Israele fa sul serio in campo energetico e ha notevolmente accelerato il proprio impegno nello sfruttamento dei propri giacimenti di idrocarburi, rafforzando la diplomazia energetica, soprattutto nell’area del vicinato.
L’alleanza del Mediterraneo orientale – la formula politica per racchiudere gli ormai coincidenti di Tel Aviv, Nicosia e Atene, nata proprio sotto l’impulso del premier israeliano Netanyahu – si è rafforzata dopo l’ultimo vertice tenutosi la scorsa settimana nel porto greco di Salonicco, un logo simbolo visto che sempre lì si è tenuta un anno fa circa la cerimonia di avvio dei lavori del Tap, il gasdotto sul quale punta anche l’Italia.

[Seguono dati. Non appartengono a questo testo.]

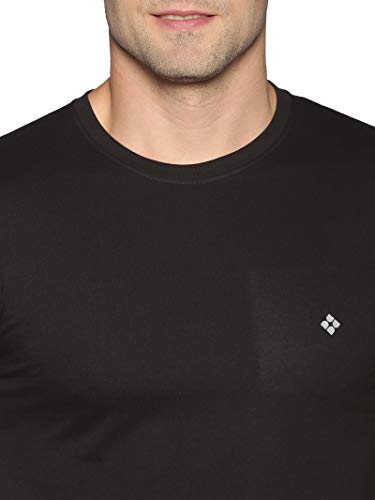 Image of Dollar Cotton Rich Fabric Solid Men's T-Shirt | Chest Logo Branding | Wide Array of Attractive Colours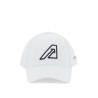 baseball cap with embroidered logo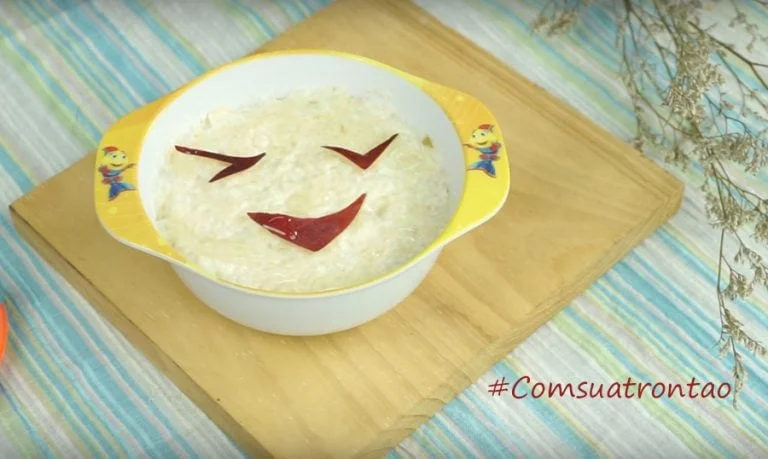 com sua tron tao dinh duong cho be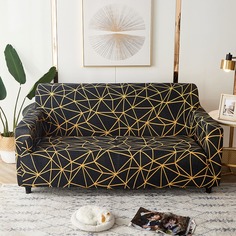 Чехол для дивана и 1шт чехол для подушки с геометрическим узором без наполнителя Shein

I tre Paesi che si affacciano sul bacino levantino puntano tutto sul progetto dell’East Med, un tubo che dovrà collegare i giacimenti offshore dell’area (quelli israeliani di Tamar e Leviatano, insieme a quelli ciprioti di Afrodite) con l’Europa. “Abbiamo concordato di accelerare le nostre azioni comuni per quanto riguarda il nostro accordo sulla costruzione di un grande progetto che offrirà nuove prospettive per la cooperazione economica nel Mediterraneo orientale”, ha dichiarato il premier greco Alexis Tsipras.
Anche il presidente cipriota Anastasiades e Netanyahu si sono detti favorevoli a proseguire nella realizzazione di questo progetto.”Certamente l’idea del gasdotto East-Med sarebbe una rivoluzione – ha dichiarato Netanyahu -. Abbiamo condotto uno studio preliminare su tale progetto. Sembra promettente e stiamo pensando di andare avanti”.

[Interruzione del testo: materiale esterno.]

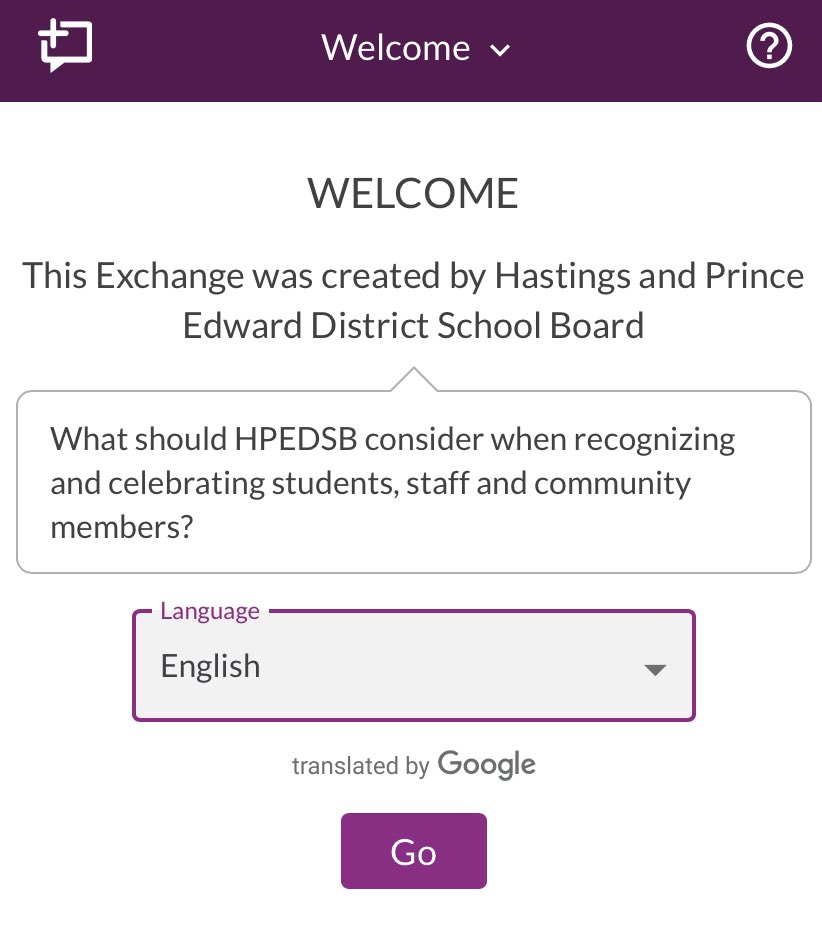 HPEschools's tweet photo. We invite you to participate in our ThoughtExchange about celebrating people. Share your thoughts on how we can celebrate people who contribute to student achievement, well-being. Open until March 7 https://t.co/y7m9o7xain #HPEtogether #Proud2BeHPE https://t.co/fC9pmb1bXH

Grecia, Cipro e Israele puntano anche alla realizzazione di un altro progetto, quello per l’interconnettore elettrico bidirezionale EuroAsia che servirà a collegare Israele alla regione greca dell’Attica, attraverso Creta e Cipro. Dopo la sconfitta geopolitica subita con la scoperta del giacimento egiziano di Zohr, un fallimento anche d’intelligence economica, come hanno dichiarato gli stessi vertici israeliani, oggi Tel Aviv ha ripreso i propri piani con vigore. Il pivot di questa nuova fase è il ministro dell’energia del governo Netanyahu, Yuval Steinitz.
In un recente incontro con la stampa italiana avvenuto a Gerusalemme, il ministro ha fatto il punto sulle risorse del giacimento principale, quello di Leviatano, che dovrebbe attestarsi sui 350 miliardi di metri cubi di gas, una volta a regime. Una quantità importante che renderebbe Israele uno dei principali player della zona. Nei fatti già lo è visto che ha raggiunto un importante accordo per l’export con la Giordania e le trattative con lo stesso Egitto per avviare sinergie energetiche non sono state mai interrotte.

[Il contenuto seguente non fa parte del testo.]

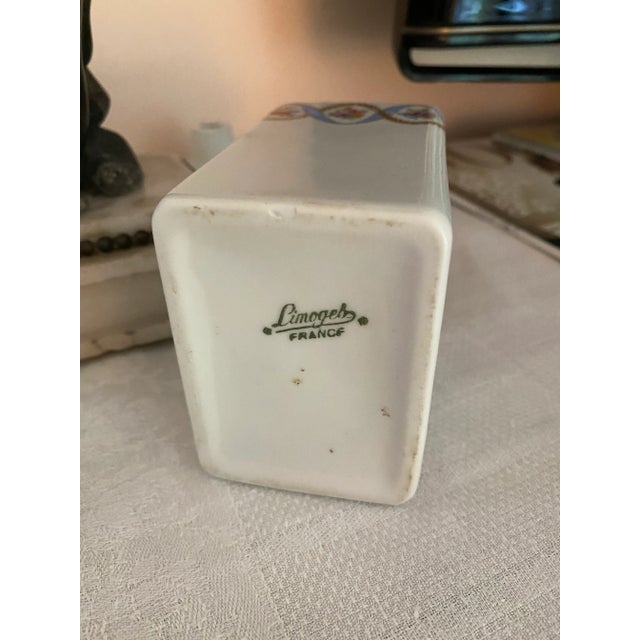 Limoges, France Vintage Limoges Porcelain Perfume Bottle, 1930s For Sale - Image 4 of 8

Un protagonismo che però non sembra essere visto di buon occhio soprattutto dall’Arabia Saudita che, proprio in questi giorni, ha finalizzato un accordo sulla demarcazione dei confini marittimi tra Egitto e Arabia Saudita che di fatto apre la strada alle attività di esplorazione d’idrocarburi nel Mar Rosso. “Prima dell’accordo, non potevamo cercare petrolio e gas nel Mar Rosso tranne nell’area del Golfo di Suez, ma ora possiamo”, ha commentato con enfasi il ministro del petrolio egiziano, Tarek El Molla. Insomma, sul versante energetico lo scacchiere del Mediterraneo orientale si conferma quello maggiormente in fermento.